I cannot help asking myself if the Muslim Brotherhood's dream were to come true today, and the followers of Mohamed Morsi, America's darling, did actually take over the world with their radical Islamic agenda, would they elevate Obama to some high office? Sadly, if radical Islam actually managed to realize its goal and take control of America and Europe, the Muslims who follow the tradition of Muhammad would appoint Obama to a post no higher than muezzin of the Chicago mosque.

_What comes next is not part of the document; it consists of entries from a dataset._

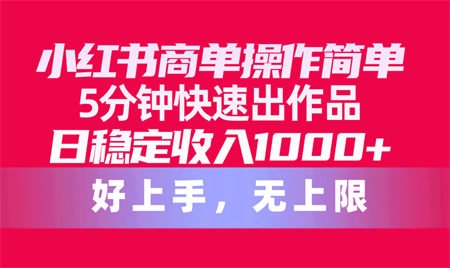 （10323期）小红书商单操作简单，5分钟快速出作品，日稳定收入1000+，无上限-营销武器库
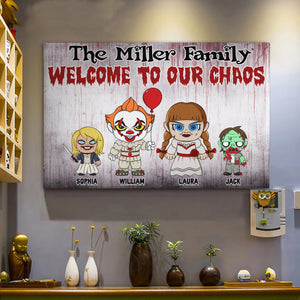 Welcome To Our Chaos, Gift For Family, Personalized Poster, Horror Canvas Print, Halloween Gift 01NATI180723HA - Poster & Canvas - GoDuckee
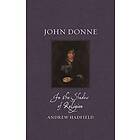 John Donne av Andrew Hadfield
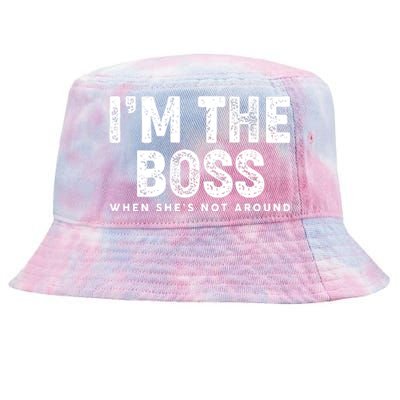 Funny I'm The Boss When She's Not Around Tie-Dyed Bucket Hat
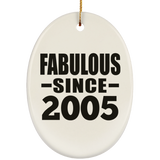 19th Birthday Fabulous Since 2005 - Oval Ornament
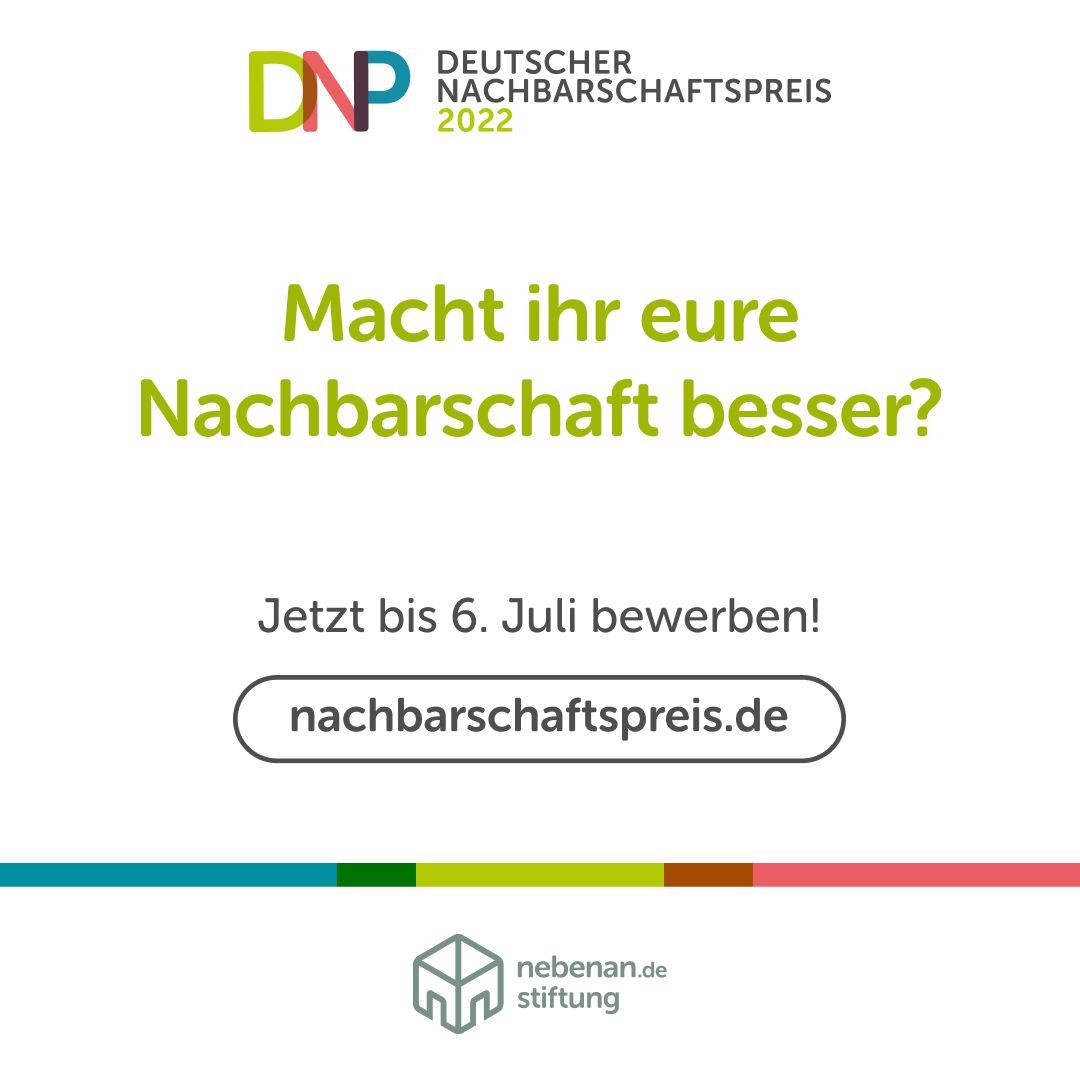 Startschuss für den Deutschen Nachbarschaftspreis 2022: Jetzt bis zum 6. Juli bewerben!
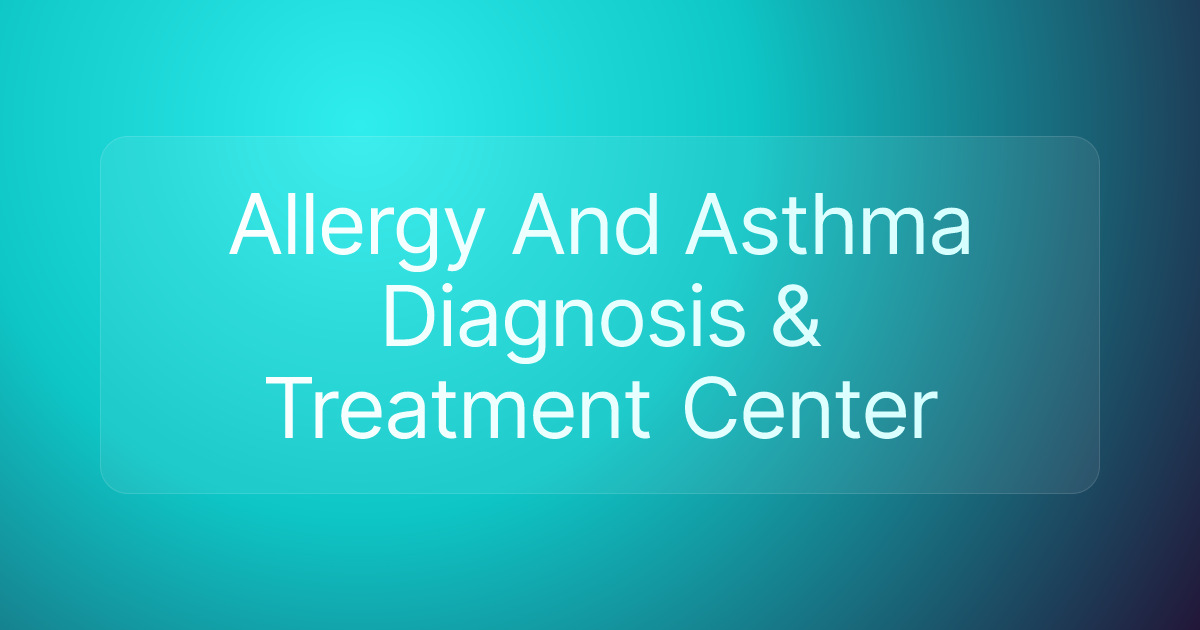 Allergy And Asthma Diagnosis & Treatment Center
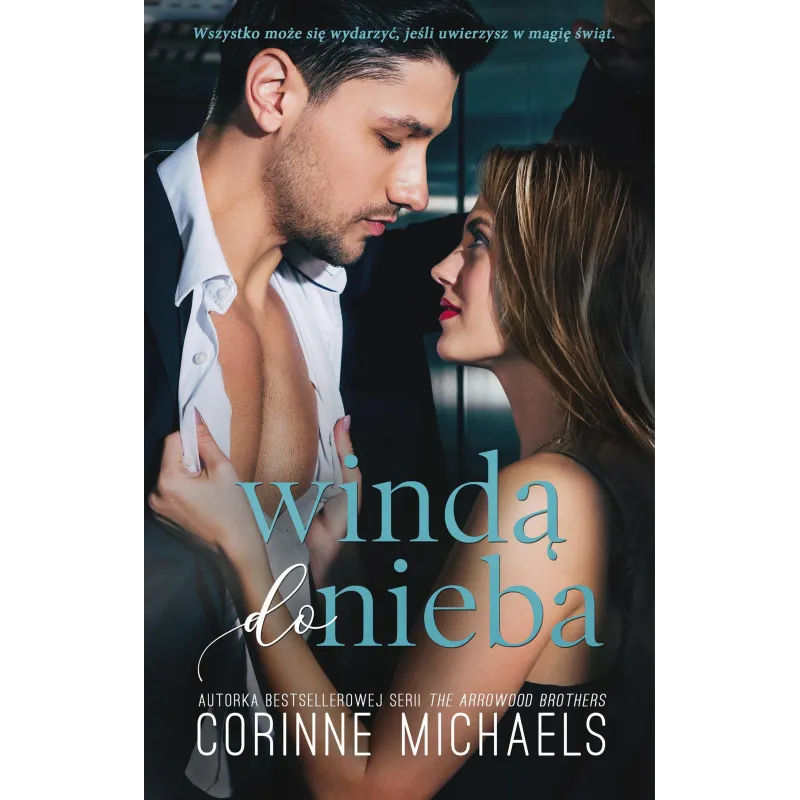 WINDĄ DO NIEBA Corinne Michaels - Czwarta Strona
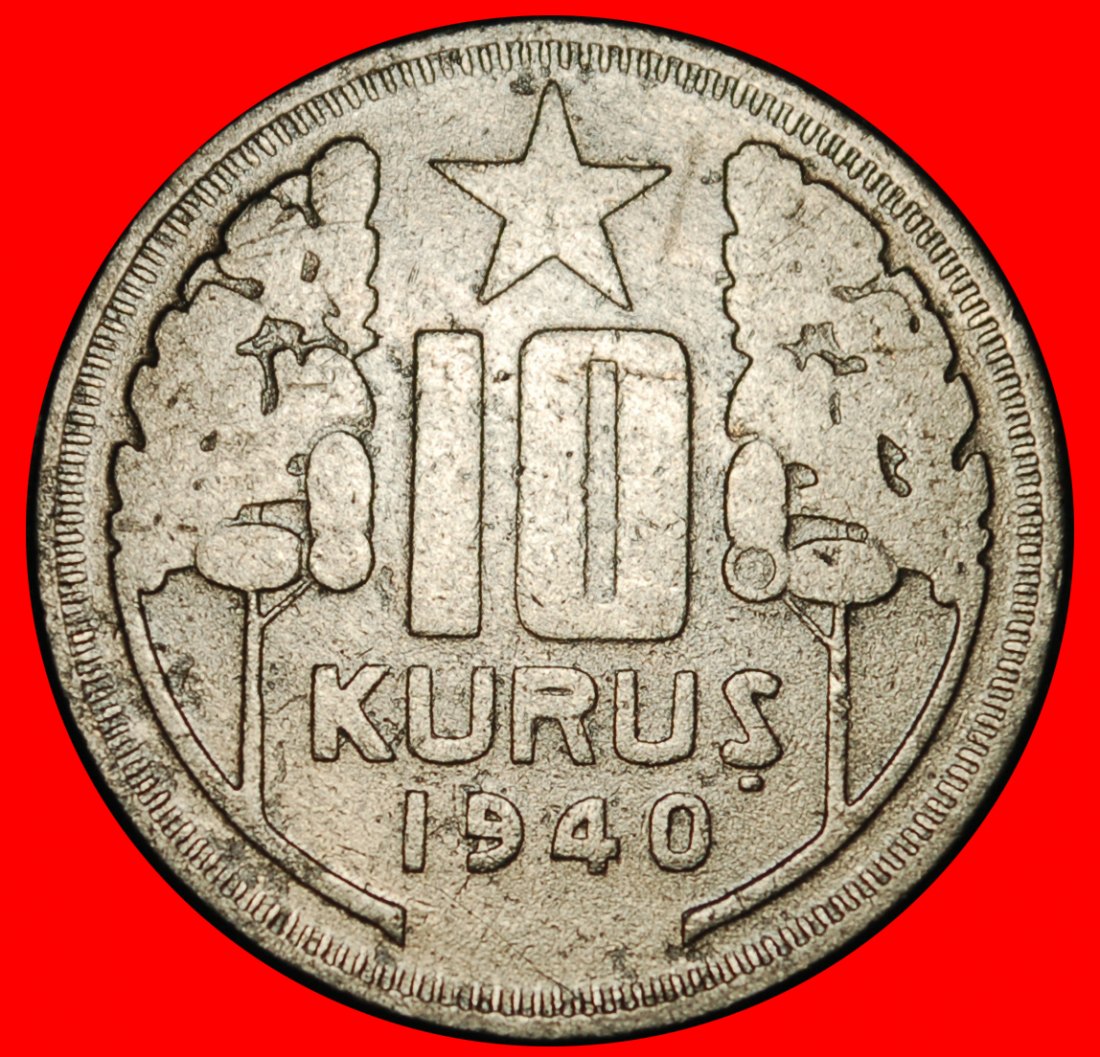  ⰏERROR CRESCENT AND STAR 1935-1940:TURKEY★10 KURUSHES 1940★WARTIME 1939-1945★LOW START ★ NO RESERVE!   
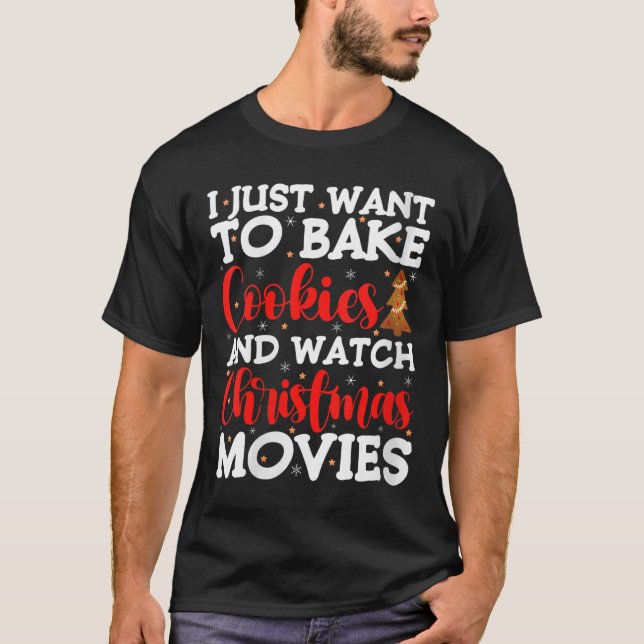 Womens I Just Want To Bake Cookies And Watch Holid T-Shirt (Front)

For this reason, when I see black Americans convert to Islam (like Congressman Keith Ellison, who converted to Islam from Catholicism), with their weird empathy and incomprehensible yen for Islam and Hamas, I am amazed and horrified by the ignorance of their choice. Do they not know that Muslims were the slave traders who captured Africans and sold them to America? Do they not know that to this day many Muslims in the Arab world disregard blacks and treat them like slaves? In Arab political circles in the Gulf States, Condoleezza Rice and other black politicians are called a'bd or a'bda, the Arabic word for slave. In the Muslim Brotherhood scenario, Congressman Keith Ellison would not be a member of the Islamic Council (the Shura) and Secretary Rice would not be allowed to leave the house without a male relative, to say nothing of flying off on diplomatic missions around the world. She would stay at home and look at the world through the square veil in her hijab.
From the heart of the Middle East chaos I ask myself why we accepted such enormous quantities of arms from America without being able to use them. Why can we not unite and ourselves get rid of dictators like Assad? Why do American soldiers have to die for us? Where is Qatar, which relies on the United States for its defense but operates Al-Jazeera TV for the Muslim Brotherhood's jihad and incites the Arabs to internecine wars and creates chaos? Where are Saudi Arabia and the other Gulf States? Where is Turkey? Where is Egypt and its glorious army? Because of America's empty declarations, which the Arab-Muslim world scorns like the braying of a donkey, I understand why America lost its deterrence and ability to fight. I understand why no one takes America seriously, and I can only come to the conclusion that it is time for us, Arabs and Muslims, to take our fate in our own hands: the time has come to worry about ourselves.
Ali Salim is a scholar based in the Middle East.